Regression when the value of one independent variable is dependent on another independent variable I need to predict the number of retweeets a tweet receives as a function of (1) whether there is a hyperlink within the tweet's text and (2) the position of the hyperlink within the tweet. If a tweet doesn't contain a hyperlink then the position of the hyperlink within the tweet is a null value. Example data for this situation would be:
numberOfRetweets     hyperlinkInTweet?     positionOfHyperlink
(dependent var)    (binary, 0=no, 1=yes)   (integer, 1 to 135)    
      5                      0                    null
     10                      1                     50
     35                      1                     12
      0                      0                    null
      0                      1                      5
      :                      :                      :

If a tweet doesn't contain a hyperlink (hyperlinkInTweet = 0) then it cannot have a position within the tweet text where the hyperlink begins (positions range from 1 to 135 inclusive).

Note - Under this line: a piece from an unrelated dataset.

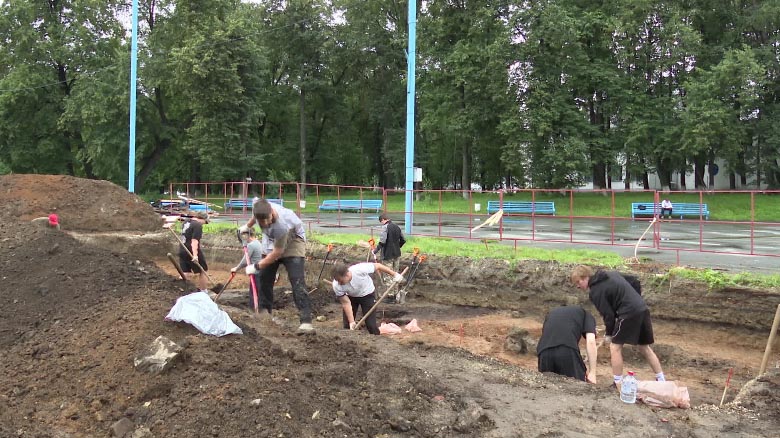 Вместо каникул и отдыха они выбрали общественно полезную работу
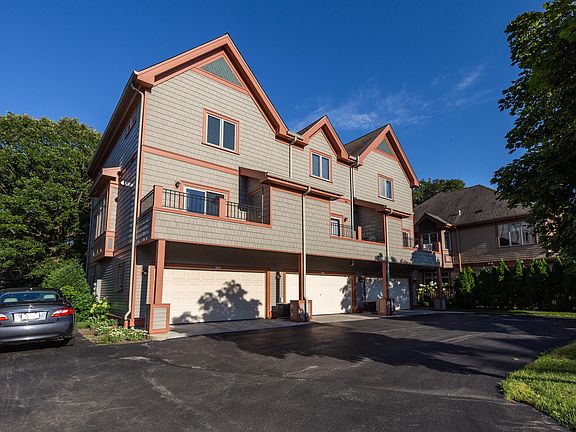 2nd image of 2226 E Edgewood Ave #2226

I've toyed with the idea of using zero in place of null, but I have reservations about doing this. Exploratory analysis of the data indicates that about half of the tweets contain a hyperlink.
I'm wondering if this is a nested regression problem, but would be grateful for a second opinion on the best course of action for this problem. Many thanks.     

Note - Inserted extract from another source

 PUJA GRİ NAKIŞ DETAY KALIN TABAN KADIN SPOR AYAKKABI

 A: Since you have a count variable, we think about Poisson regression. But other count variable models could be substituted, such as negative binomial regression. The most important aspect is that these models have a multiplicative expectation structure, which is important if you have complications, such as number of retweets over different time periodsa, when time period length can enter as a new variable. 
I think you can substitute zero for your null values, in this context. Let us see what this means.  The poisson regression model is
$$  \DeclareMathOperator{\P}{Pr}
   \P(Y_i=y_i) = e^{-\lambda_i} \frac{\lambda_i^y}{y_i!}
$$  with $\lambda_i >0$ the parameter. For each observation $i$, we have the model
$\lambda_i = \exp(x_i^T \beta) = \exp(\eta_i)$ where $\eta_i$ is called the linear predictor. 

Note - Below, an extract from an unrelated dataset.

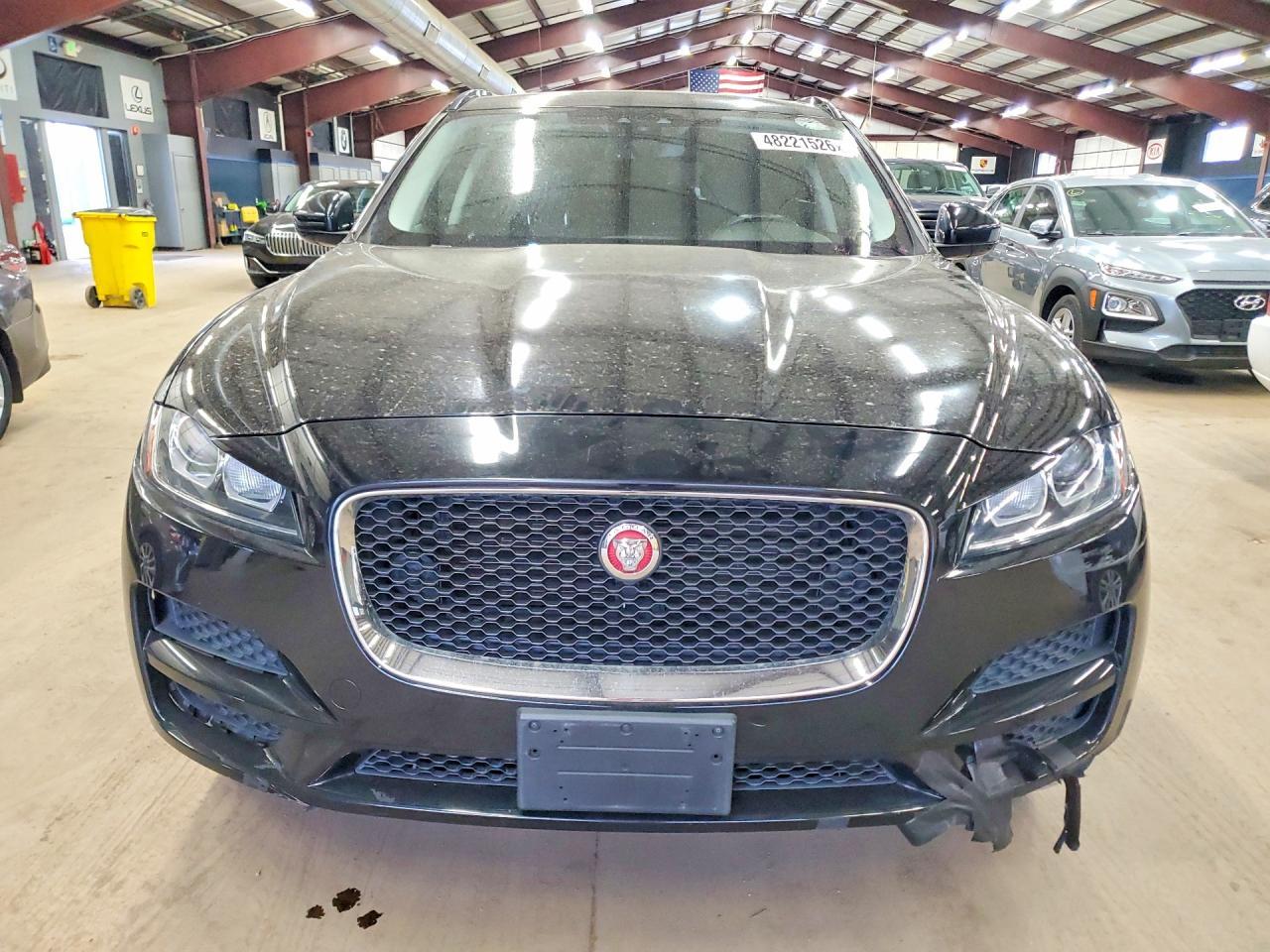 2017 Jaguar F-Pace Premium - Image 5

Here we have $\beta=(\beta_0, \beta_1, \beta_2)$ and $x=(1, x_1, x_2)$ where
$$
\begin{align}
    x_1 &= \text{$1$ if no hyperlink, $0$ if hyperlink}  \\
    x_2 &= \text{$0$ if no hyperlink, else length of hyperlink (or some non-linear function of length)}
\end{align}
$$
Then, for your example data (line 1,2,3) we get
$$
\begin{align}
\eta_1 &= \beta_0 +\beta_1 \\
\eta_2 &= \beta_0 + 50\beta_2 \\
\eta_3 &= \beta_0 + 12\beta_2 \\
\end{align}  $$
(Probably you will need some non-linear function of length, such as log. Some plot may tell you!).  This looks to me as an eminently sensible and interpretable model.
The parameter $\beta_1$ can be seen as a kind of "equivalent length of hyperlink" for the cases without a hyperlink.